Bologna, 15 gennaio 2025 – Abbattimento delle liste d’attesa, sicurezza per il personale dei Pronto soccorso, chiusura dei Cau (i Centri di assistenza urgenza) che non funzionano, medici e specialisti che si spostano sul territorio: sono alcuni dei punti della riorganizzazione della sanità emiliano-romagnola illustrati da Massimo Fabi, neo assessore regionale alla Salute.

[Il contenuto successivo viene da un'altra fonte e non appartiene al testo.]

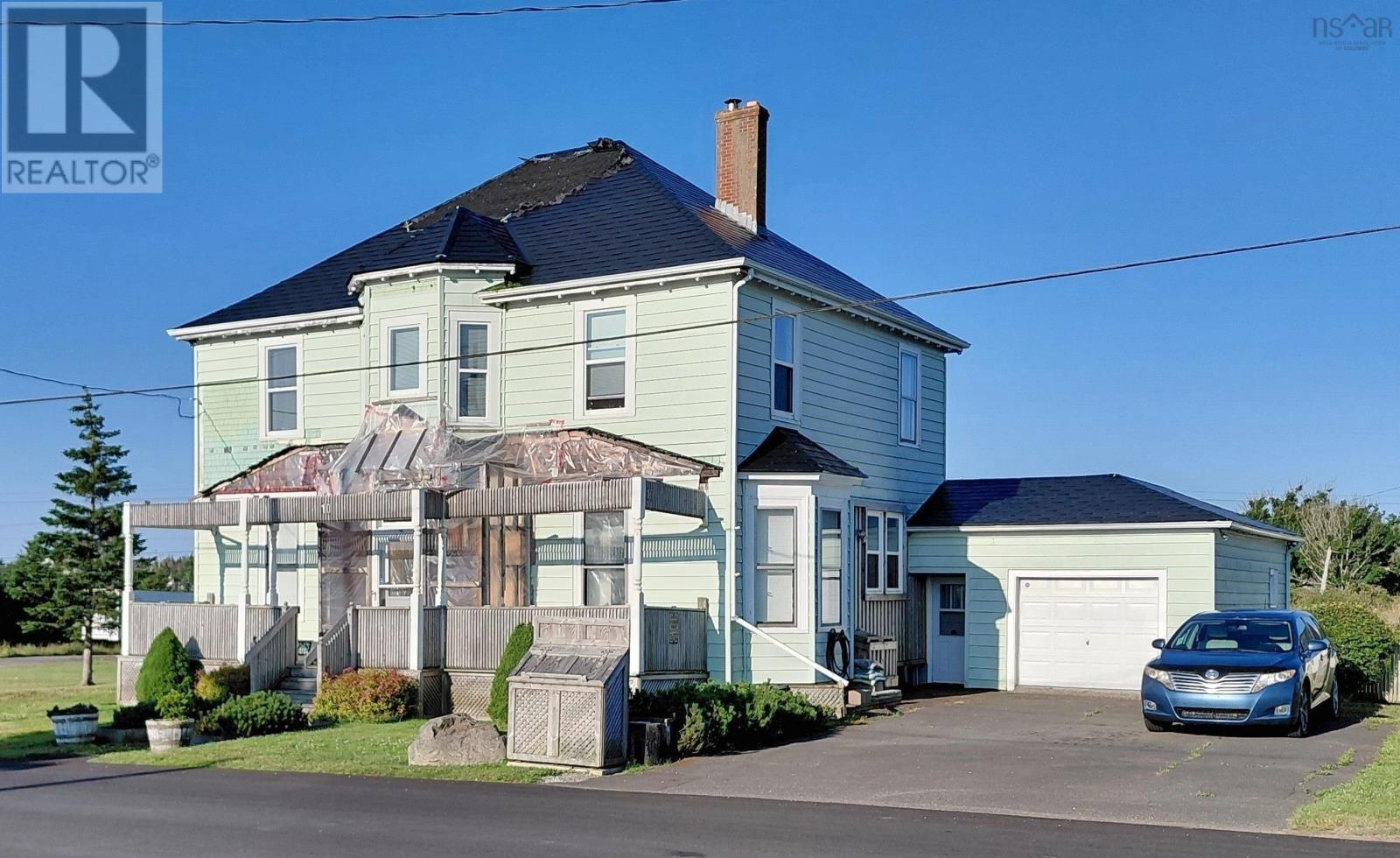 10 Strathcona Street, Louisbourg, Nova Scotia  B1C 1M2 - Photo 2 - 202520572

Massimo Fabi è il nuovo assessore alla Sanità della regione Emilia-Romagna. Fabi è un tecnico: è stato direttore generale dell’Ausl di Parma
Massimo Fabi è il nuovo assessore alla Sanità della regione Emilia-Romagna. Fabi è un tecnico: è stato direttore generale dell’Ausl di Parma

Qual è la prima cosa da fare?

“Il metodo che vogliano adottare è l’ascolto dei territori, a partire dagli operatori, quindi medici ospedalieri e di famiglia e anche sindaci, tenendo sempre presente un concetto fondamentale: la prevenzione e l’educazione a questa, soprattutto nei confronti delle categorie più deboli. È un sistema complesso e di coordinamento che vogliamo sviluppare, ma partendo da ciò che questa regione ha costruito in tutti questi anni”.

Uno dei problemi che maggiormente preoccupa i cittadini sono le liste d’attesa. Che cosa farete?

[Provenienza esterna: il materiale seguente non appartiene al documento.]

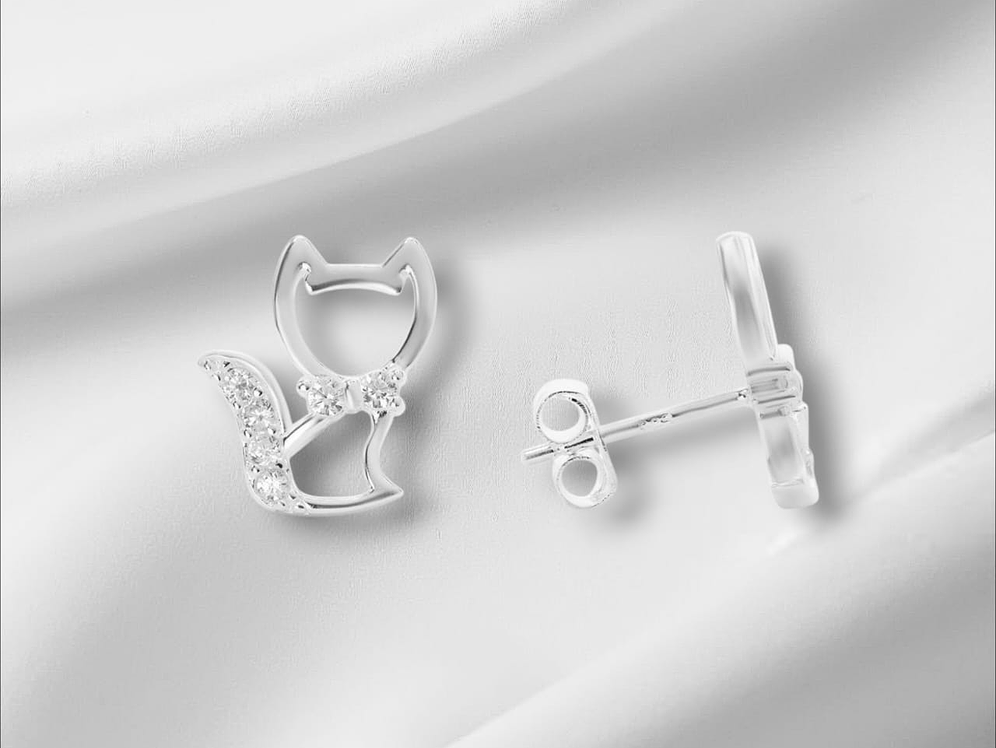 Aros Diseño gato Coquette y Serie Circones. 1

“È attivo da un anno un piano straordinario di contenimento delle liste di attesa. La situazione era molto critica nel dopo Covid e abbiamo già ottenuto risultati significativi, ma non ancora sufficienti. Quindi è stata attivata una pre-lista attraverso la quale c’è anche una verifica dell’appropriatezza della prescrizione che può liberare posti, appropriatezza che è fondamentale. Ma c’è anche il potenziamento dell’offerta: oltre 152mila prestazioni in più da aprile 2023 fino a oggi. Tutto questo grazie agli operatori del pubblico e anche del privato accreditato”.

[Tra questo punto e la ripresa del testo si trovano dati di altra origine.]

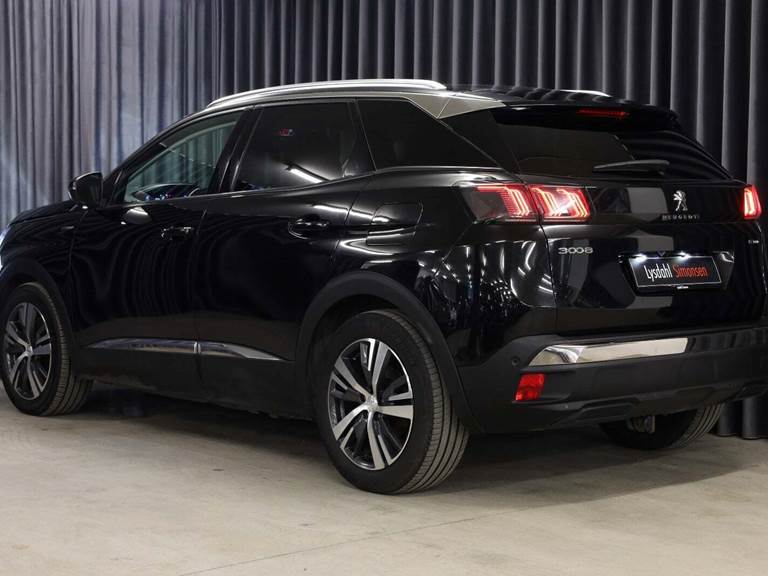 Peugeot 3008 1,6 Hybrid Allure Pack EAT8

Quasi ogni giorno si registrano aggressioni a medici e infermieri. A quali soluzioni pensate per tutelarli?

“Installazione della videosorveglianza anche in accordo con le forze dell’ordine, presìdi di polizia negli ospedali che andremo a ripristinare, pulsanti di chiamata rapida, convenzioni con vigilanza privata e formazione dei nostri professionisti nella gestione della conflittualità, ma anche volontari nei Pronto soccorso che possano accogliere le persone”.

A proposito di ospedali, tanti medici e infermieri se ne vanno. Come si possono trattenere?

“È chiaro che il medico che lascia il servizio pubblico fa notizia ma, mi creda, sono molti di più di quelli che restano o arrivano. Nelle aree più qualificate dei nostri ospedali non stiamo vivendo un periodo di fuga perché il grande chirurgo può essere lusingato dal privato, ma la complessità delle casistiche che vengono affrontate nel pubblico è un elemento di qualità tecnico-professionale al quale difficilmente si rinuncia”.

I Cau sono da riformare. In quale modo?

“I Cau sono una esperienza innovativa quindi vanno valutati dopo un certo periodo. In determinate situazioni, da Parma a Piacenza e in diverse aree del Bolognese hanno funzionato bene contribuendo a diminuire la pressione sui Pronto soccorso generali. Hanno funzionato meno bene dove il coordinamento tra Pronto soccorso e Cau è stata meno efficace. Ci siamo dati tre mesi per valutare l’efficacia dei Cau in essere e c’è l’impegno con i medici di famiglia a non attivarne altri”.

Prevede la chiusura dei Cau collocati all’interno degli ospedali, come chiesto dai medici di medicina generale?

“Valuteremo caso per caso. Applicheremo il contratto nazionale che disciplina il rapporto tra medici di base e servizio sanitario nazionale e faremo le Aft, le Aggregazioni funzionali territoriali all’interno delle Case di comunità, aggregazioni costituite dai medici di famiglia, dai pediatri e dagli specialisti convenzionati interni, che garantiranno la continuità assistenziale e che di fatto sono l’evoluzione dei Cau e dove si creeranno queste aggregazioni non ci sarà più bisogno dei Cau. Nelle zone più interne, isolate e di montagna, invece, dovremo andare noi dai cittadini, anche con le unità mobili che erogheranno prestazioni a domicilio oppure in ambulatori concentrati. Per andare incontro a tutto il problema della cronicità e fragilità”.

Direzione generale dell’assessorato ancora vacante e direttori generali in scadenza il 31 gennaio, come procederete?

“Sono dell’idea che bisogna stringere e chiudere entro la fine del mese”.